I'd probably buy myself a small home, set aside a bit of money in a bank somewhere with a cash limit, save a little bit extra to commission art or to learn a skill somewhere. This would be barely a dent in the 7 billion; probably 1 million at most, give or take half. If I had that much money, I assume my friends and family would want some, so I'd probably pay a little bit to help them out if they wanted it. I'd also like to travel to see friends I met on Pure.
I would then split up the rest of the nearly 7 billion dollars and give it to various charities. Giving it all to one charity I feel would put too much pressure on that charity and have diminishing returns, so I'd rather donate to as many places as possible to ensure that as much good can be done with the money as possible. I don't want to keep any of the remainder besides emergency savings.
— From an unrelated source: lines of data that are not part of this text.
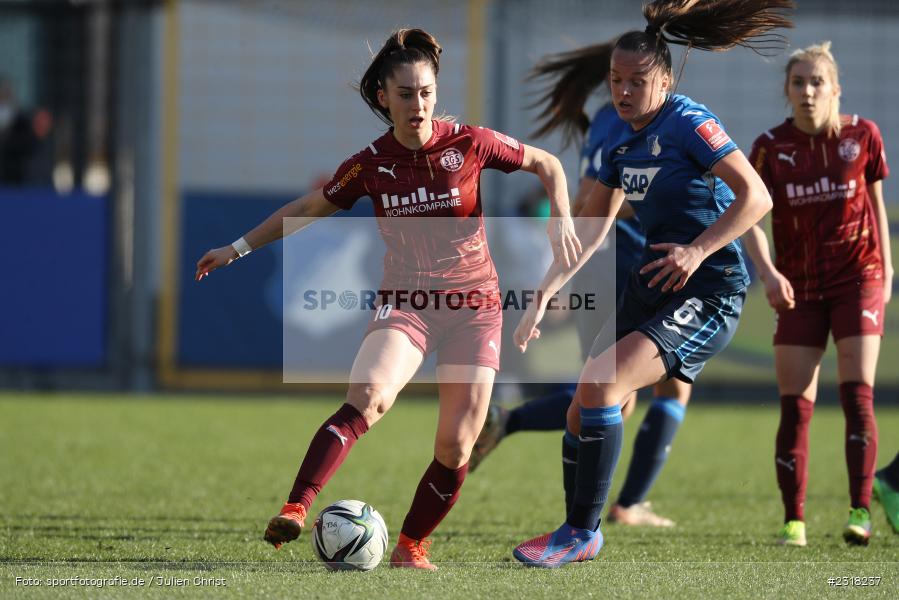 Estelle Laurier, Dietmar-Hopp-Stadion, Hoffenheim, 13.02.2022, DFB, sport, action, Februar 2022, Saison 2021/2022, FLYERALARM Frauen-Bundesliga, FFBL, SGS, TSG, SGS Essen, TSG 1899 Hoffenheim - Bild-ID: 2318237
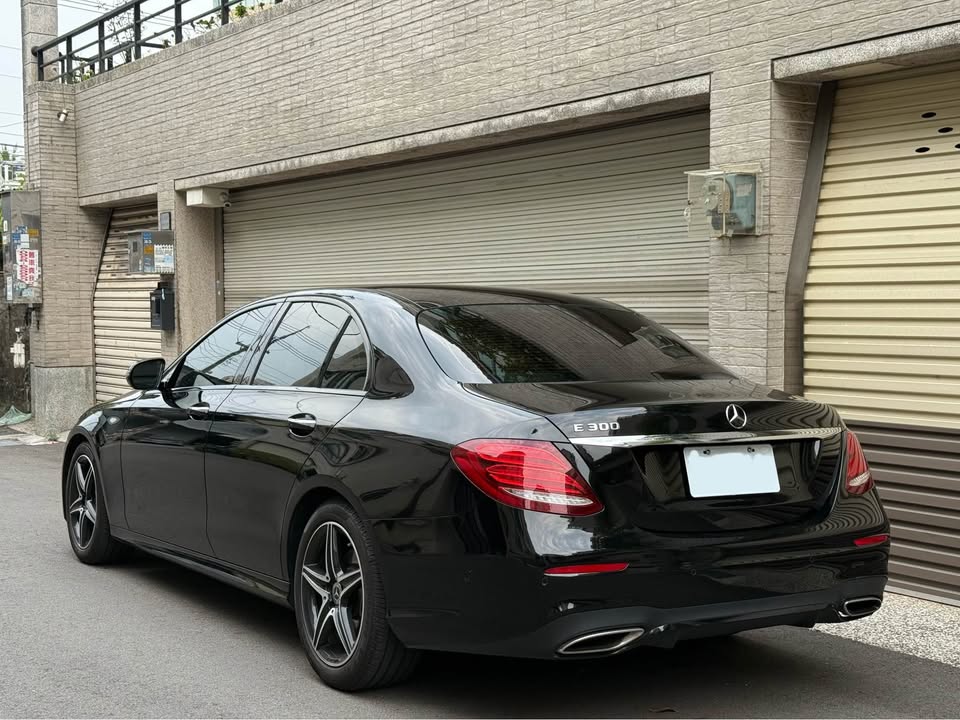 2018年 Mercedes-Benz E-Class E300 P1 AMG 中古車照片 - Orange Garage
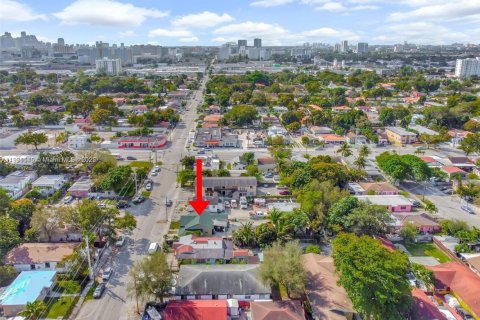 Immobilier commercial à vendre à Miami, Floride: 203.36 m2 № 1953187 - photo 12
I would prefer to get rid of the 7 billion as soon as possible; I feel like holding onto that much money would cause me to morally decay, and also result in long term unhappiness. If I was a billionaire, I would have problems trusting friends, constantly thinking that I'm only valued for the money I'd have rather than for anything good about myself. I'd distance myself from others, and I'd be less able to connect with people as I'd have lost perspective on what it means to be an average person. That sounds like a lonely experience I'd rather not have, so I could not see me being rich long term at all. I don't want my value as a person to be an arbitrary number.